DIRECTIONS FOR THIS TASK :: Everything below from the line with "A man stands" through the line with "Homemade vanilla bean" must be retyped exactly, except the pictures.

RECORDS SUPPLIED ::

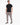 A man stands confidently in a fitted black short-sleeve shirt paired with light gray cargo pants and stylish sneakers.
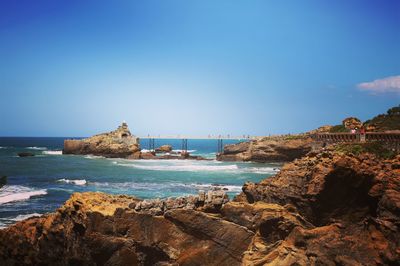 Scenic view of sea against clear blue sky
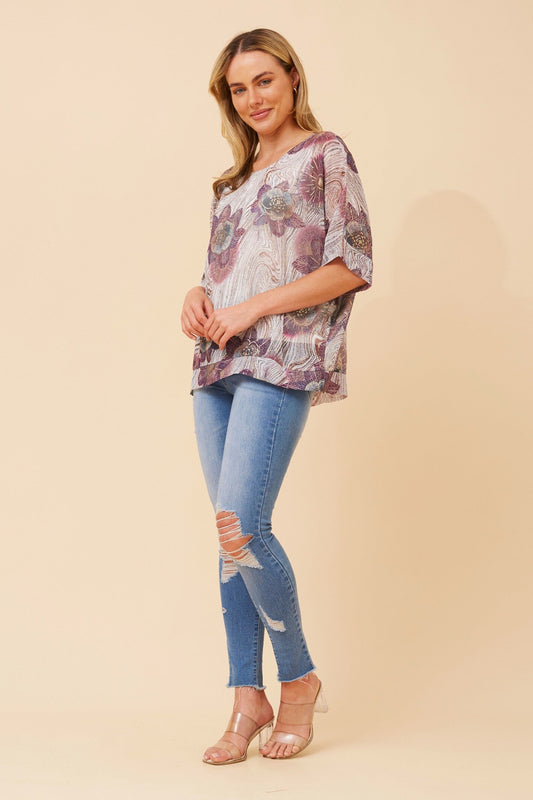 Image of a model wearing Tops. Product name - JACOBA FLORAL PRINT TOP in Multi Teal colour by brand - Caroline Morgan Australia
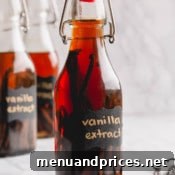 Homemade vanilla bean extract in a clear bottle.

==

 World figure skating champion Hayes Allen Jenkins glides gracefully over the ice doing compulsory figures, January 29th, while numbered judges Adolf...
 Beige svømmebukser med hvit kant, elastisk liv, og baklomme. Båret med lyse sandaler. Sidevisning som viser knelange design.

---

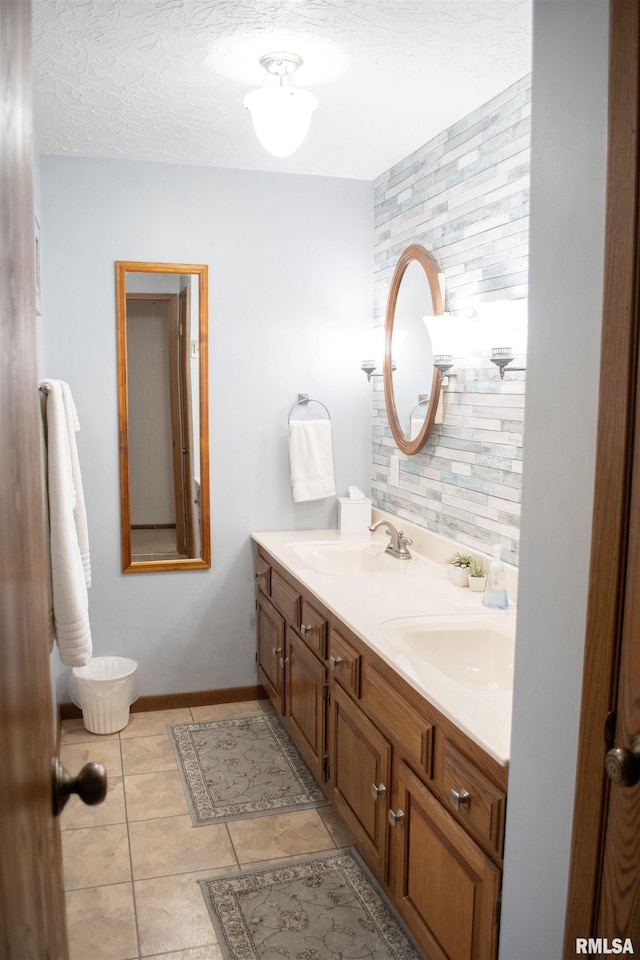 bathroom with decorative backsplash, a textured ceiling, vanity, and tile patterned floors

RESULT FOR THIS TASK ::
 A man stands confidently in a fitted black short-sleeve shirt paired with light gray cargo pants and stylish sneakers.
 Scenic view of sea against clear blue sky
 Image of a model wearing Tops. Product name - JACOBA FLORAL PRINT TOP in Multi Teal colour by brand - Caroline Morgan Australia
 Homemade vanilla bean extract in a clear bottle.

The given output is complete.